By the course conclusion, participants will be able to move around modern types of visual communication to communicate well with the newest generations, and to develop media and visual literacy skills.

They will feel confident to use storytelling and digital communication to build visual bridges between generations, and between teachers and students.

Learning outcomes

The course will help the participants to: 

  • Analyze and deconstruct news, media products, and narratives;
  • Discuss cultures through visual media;
  • Build defenses against “fake news” and propaganda;
  • Promote critical thinking in themselves and their learners;
  • Use photography and other visual arts as a tool for communication and learning;
  • Use visual materials and tools to spread a message;
  • Give voice to children of any age using language-independent tools;
  • Create their films as learning material.

Tentative schedule

Day 1 – Mapping the visual reality

  • Introduction to the course, the school, and external week activities;
  • Icebreaker activities;
  • Identification of needs and goals for each participant and relevant populations;
  • Presentations of participants, their schools, and the trainer;
  • Naming and recognizing cultural outputs: placing countries on a culture map.

Day 2 – Visual culture

  • Visual communication: an introduction;
  • Cultures of communication;
  • The clash of generations;
  • Informative and educational memes;
  • Creating memes to build bridges between ages.
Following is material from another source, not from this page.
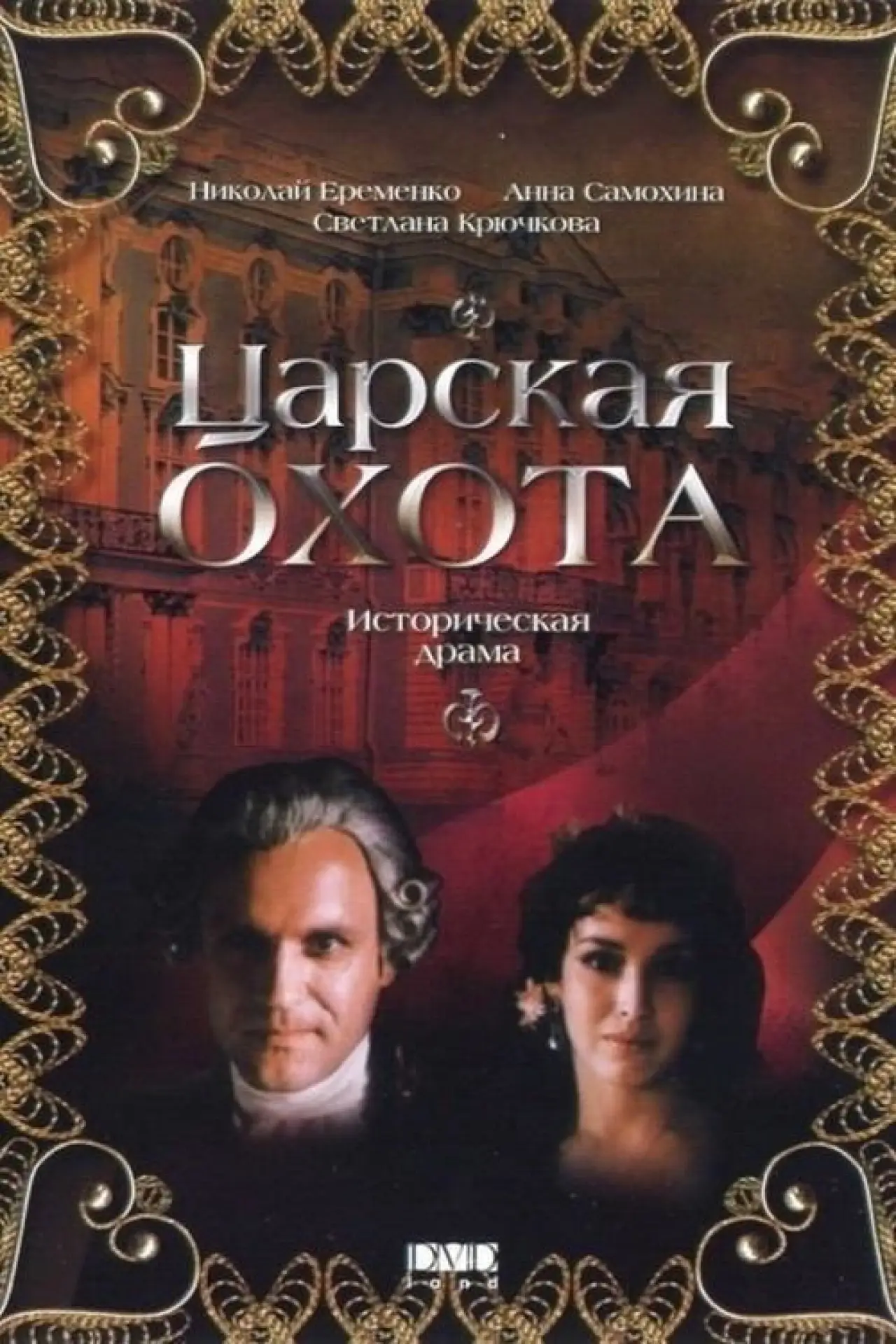 Plakat filmowy "Царская охота"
Day 3 – Media and (fake) news

  • The relationship between media and education;
  • Media Literacy: storytelling in different media, countries, and cultures;
  • Tools for critical thinking;
  • Fake news and media manipulation: history and case studies;
  • Breaking through fake news: a practical exercise.

Day 4 – Narratives and storytelling

  • The elements of a narrative;
  • Different ways to tell a visual, language-independent story (comics, films, games, music)
  • Case study: fiction that teaches;
  • My story: a storytelling exercise to share good practices.

Day 5 – Creating a visual message

  • Practical activity: creating a visual message (e.g., a short film, a photo book, a graphic novel)
  • Sharing among the participants.

Day 6 – Course closure and cultural activities

  • Course evaluation: round-up of acquired competencies, feedback, and discussion;
  • Awarding of the course Certificate of Attendance;
  • Excursion and External cultural activities.